The fact that Raoul Peck’s new HBO film on white supremacy exists shows that something profound about the world is changing.
IN THE FINAL episode of Raoul Peck’s HBO documentary, “Exterminate All the Brutes,” Peck says in a voice-over, “The very existence of this film is a miracle.”
That is 100 percent true. Before this moment in history, it would have been impossible to imagine that one of the world’s largest corporations — AT&T, owner of HBO, with a current market cap of $220 billion — would have funded and broadcast a film like this. The fact that it somehow squeezed through the cracks and onto our TVs and laptop screens demonstrates that something profound about the world is changing. Decades, centuries of people fighting and dying were required both to widen the cracks and mold someone like Peck, the right human at the right time, to step through.

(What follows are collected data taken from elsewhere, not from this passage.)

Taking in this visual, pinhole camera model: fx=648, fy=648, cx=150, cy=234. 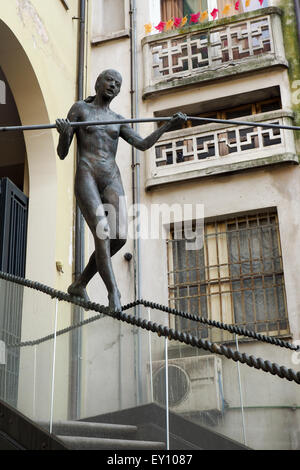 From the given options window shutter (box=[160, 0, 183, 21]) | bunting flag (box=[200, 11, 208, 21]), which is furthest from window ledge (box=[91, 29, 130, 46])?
bunting flag (box=[200, 11, 208, 21])

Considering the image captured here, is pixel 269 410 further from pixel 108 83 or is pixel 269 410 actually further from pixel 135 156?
pixel 135 156

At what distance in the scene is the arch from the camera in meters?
8.74

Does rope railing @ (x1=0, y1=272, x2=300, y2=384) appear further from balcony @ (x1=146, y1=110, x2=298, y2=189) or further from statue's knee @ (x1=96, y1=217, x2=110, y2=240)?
balcony @ (x1=146, y1=110, x2=298, y2=189)

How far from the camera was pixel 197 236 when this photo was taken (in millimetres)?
9508

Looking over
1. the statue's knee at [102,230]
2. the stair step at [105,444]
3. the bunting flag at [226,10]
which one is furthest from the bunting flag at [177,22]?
the stair step at [105,444]

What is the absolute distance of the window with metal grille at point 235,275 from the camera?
876 cm

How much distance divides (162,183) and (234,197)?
3.64 ft

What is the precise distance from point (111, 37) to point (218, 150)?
3.05 m

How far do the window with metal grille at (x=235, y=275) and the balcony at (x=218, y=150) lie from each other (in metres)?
0.81

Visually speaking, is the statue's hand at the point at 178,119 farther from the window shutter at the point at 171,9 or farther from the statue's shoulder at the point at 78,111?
the window shutter at the point at 171,9

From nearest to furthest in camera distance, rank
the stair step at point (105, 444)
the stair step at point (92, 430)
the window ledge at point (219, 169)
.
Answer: the stair step at point (105, 444) < the stair step at point (92, 430) < the window ledge at point (219, 169)

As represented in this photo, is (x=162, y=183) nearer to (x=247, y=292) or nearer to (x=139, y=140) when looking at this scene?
(x=247, y=292)

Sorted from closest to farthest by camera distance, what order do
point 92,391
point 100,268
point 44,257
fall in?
1. point 92,391
2. point 100,268
3. point 44,257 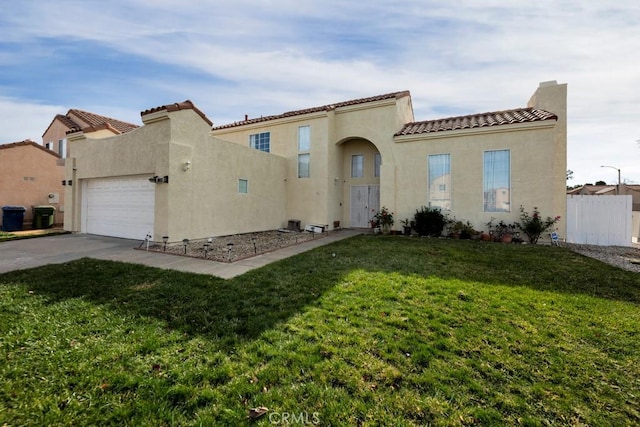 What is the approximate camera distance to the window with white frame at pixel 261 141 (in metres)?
16.9

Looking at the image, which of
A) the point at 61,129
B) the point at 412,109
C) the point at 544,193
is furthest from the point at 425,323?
the point at 61,129

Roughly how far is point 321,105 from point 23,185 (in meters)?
18.2

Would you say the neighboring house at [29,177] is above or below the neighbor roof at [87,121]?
below

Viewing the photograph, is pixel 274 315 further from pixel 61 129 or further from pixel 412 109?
pixel 61 129

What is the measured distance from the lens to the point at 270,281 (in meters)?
5.95

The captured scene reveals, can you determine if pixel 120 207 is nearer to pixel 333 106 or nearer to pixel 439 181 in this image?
pixel 333 106

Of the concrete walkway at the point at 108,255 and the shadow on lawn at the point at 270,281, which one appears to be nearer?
the shadow on lawn at the point at 270,281

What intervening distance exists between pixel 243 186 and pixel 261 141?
201 inches

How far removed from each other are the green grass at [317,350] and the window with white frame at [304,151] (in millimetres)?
10385

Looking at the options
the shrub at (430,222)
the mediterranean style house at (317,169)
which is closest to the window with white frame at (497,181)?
the mediterranean style house at (317,169)

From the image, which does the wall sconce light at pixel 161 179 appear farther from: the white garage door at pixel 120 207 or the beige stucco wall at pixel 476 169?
the beige stucco wall at pixel 476 169

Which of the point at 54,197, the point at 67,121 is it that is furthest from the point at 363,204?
the point at 67,121

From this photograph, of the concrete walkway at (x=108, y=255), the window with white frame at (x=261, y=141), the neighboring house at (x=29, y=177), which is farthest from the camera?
the window with white frame at (x=261, y=141)

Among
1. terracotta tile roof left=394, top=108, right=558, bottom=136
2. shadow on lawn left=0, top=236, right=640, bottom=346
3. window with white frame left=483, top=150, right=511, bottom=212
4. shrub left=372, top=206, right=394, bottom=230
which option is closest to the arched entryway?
shrub left=372, top=206, right=394, bottom=230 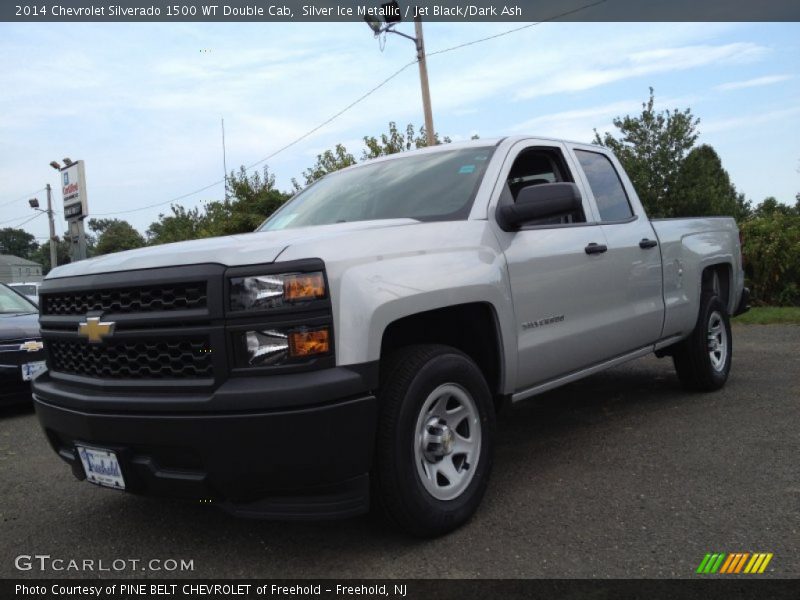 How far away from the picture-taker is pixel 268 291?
2633mm

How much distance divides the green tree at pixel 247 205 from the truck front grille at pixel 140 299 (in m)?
12.4

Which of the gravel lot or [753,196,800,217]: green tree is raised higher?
[753,196,800,217]: green tree

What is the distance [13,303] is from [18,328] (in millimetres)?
1124

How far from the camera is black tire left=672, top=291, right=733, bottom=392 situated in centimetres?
561

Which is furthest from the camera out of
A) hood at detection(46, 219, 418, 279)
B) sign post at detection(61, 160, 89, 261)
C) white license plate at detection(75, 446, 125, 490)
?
sign post at detection(61, 160, 89, 261)

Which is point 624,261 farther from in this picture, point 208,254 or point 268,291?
point 208,254

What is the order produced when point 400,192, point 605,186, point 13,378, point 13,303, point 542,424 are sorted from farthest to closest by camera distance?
point 13,303 → point 13,378 → point 542,424 → point 605,186 → point 400,192

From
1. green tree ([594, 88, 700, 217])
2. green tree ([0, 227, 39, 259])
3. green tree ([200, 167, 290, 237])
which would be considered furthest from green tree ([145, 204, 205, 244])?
green tree ([0, 227, 39, 259])

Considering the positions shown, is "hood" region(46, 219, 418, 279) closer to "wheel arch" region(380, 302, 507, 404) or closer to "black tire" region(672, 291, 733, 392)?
"wheel arch" region(380, 302, 507, 404)

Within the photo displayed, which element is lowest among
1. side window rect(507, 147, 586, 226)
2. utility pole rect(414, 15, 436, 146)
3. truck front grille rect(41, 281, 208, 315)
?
→ truck front grille rect(41, 281, 208, 315)

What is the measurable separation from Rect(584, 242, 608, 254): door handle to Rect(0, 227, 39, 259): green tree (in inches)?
4829

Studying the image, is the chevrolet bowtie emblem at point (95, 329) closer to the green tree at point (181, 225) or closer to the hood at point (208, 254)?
the hood at point (208, 254)

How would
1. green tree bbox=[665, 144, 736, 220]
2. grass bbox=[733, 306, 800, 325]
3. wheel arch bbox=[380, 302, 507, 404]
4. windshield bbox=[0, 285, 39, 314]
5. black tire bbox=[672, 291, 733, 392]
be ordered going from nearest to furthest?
wheel arch bbox=[380, 302, 507, 404] < black tire bbox=[672, 291, 733, 392] < windshield bbox=[0, 285, 39, 314] < grass bbox=[733, 306, 800, 325] < green tree bbox=[665, 144, 736, 220] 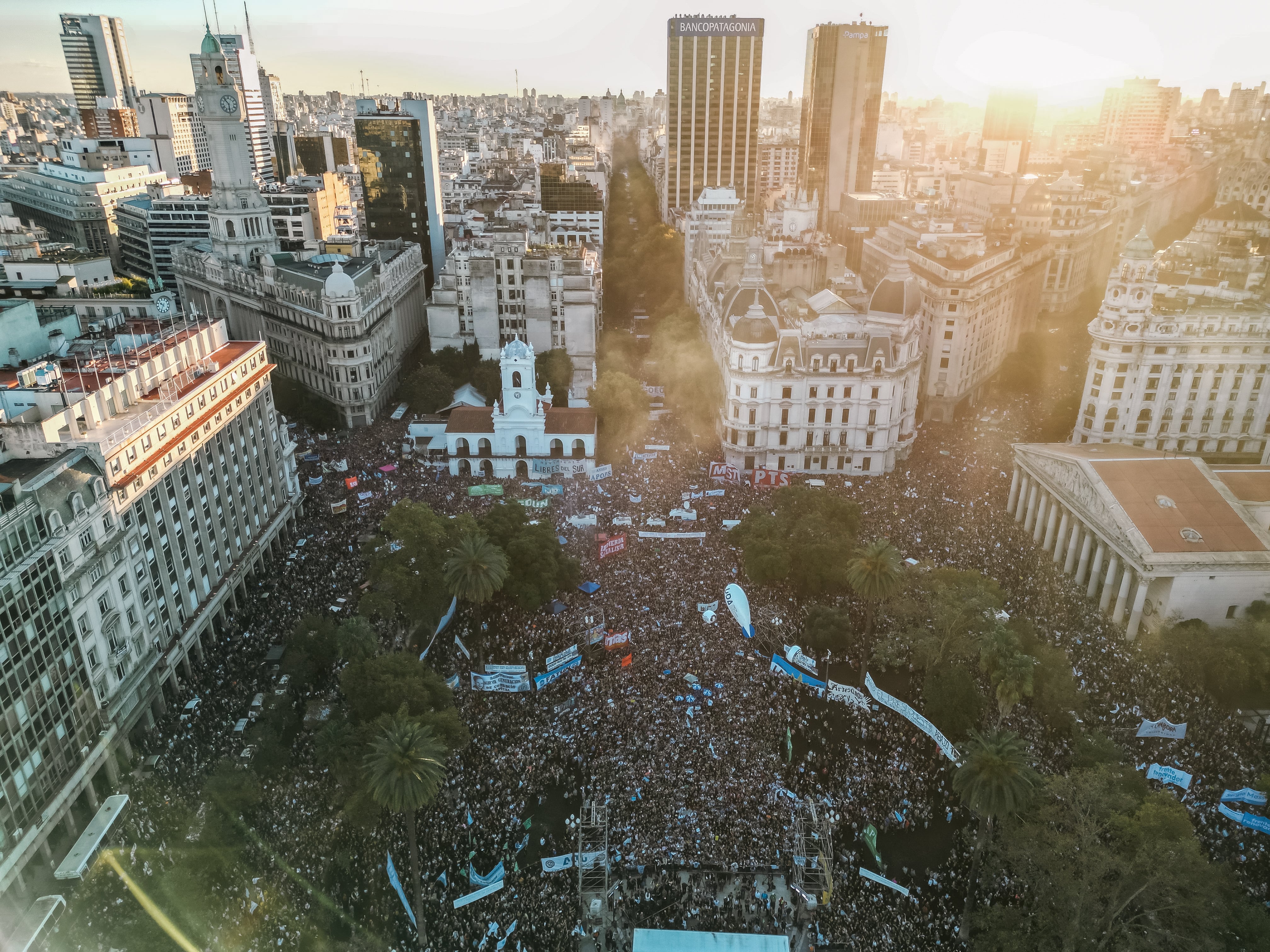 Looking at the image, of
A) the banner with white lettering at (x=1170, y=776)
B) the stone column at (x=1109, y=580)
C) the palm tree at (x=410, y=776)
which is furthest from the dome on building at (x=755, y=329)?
the palm tree at (x=410, y=776)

“Exterminate All the Brutes” is a sprawling disquisition — four episodes, each an hour long — into the invention and consequences of 500 years of “white” supremacy, presented via a high-gloss pastiche of old footage, newly filmed dramatizations, and clips from Hollywood movies. “White” needs scare quotes because the film makes clear that whiteness is not something that exists in reality — like, say, the moon — that is right there whether we believe in it or not. Instead, it’s something imaginary that we’ve somehow all agreed on, like pieces of paper having value.
These two made-up concepts meet in the $100 bill via the man on its face, Benjamin Franklin. In 1751, Franklin wrote an essay that makes clear that anyone can be classified as “white” or read out of the white race, depending on the needs of the moment.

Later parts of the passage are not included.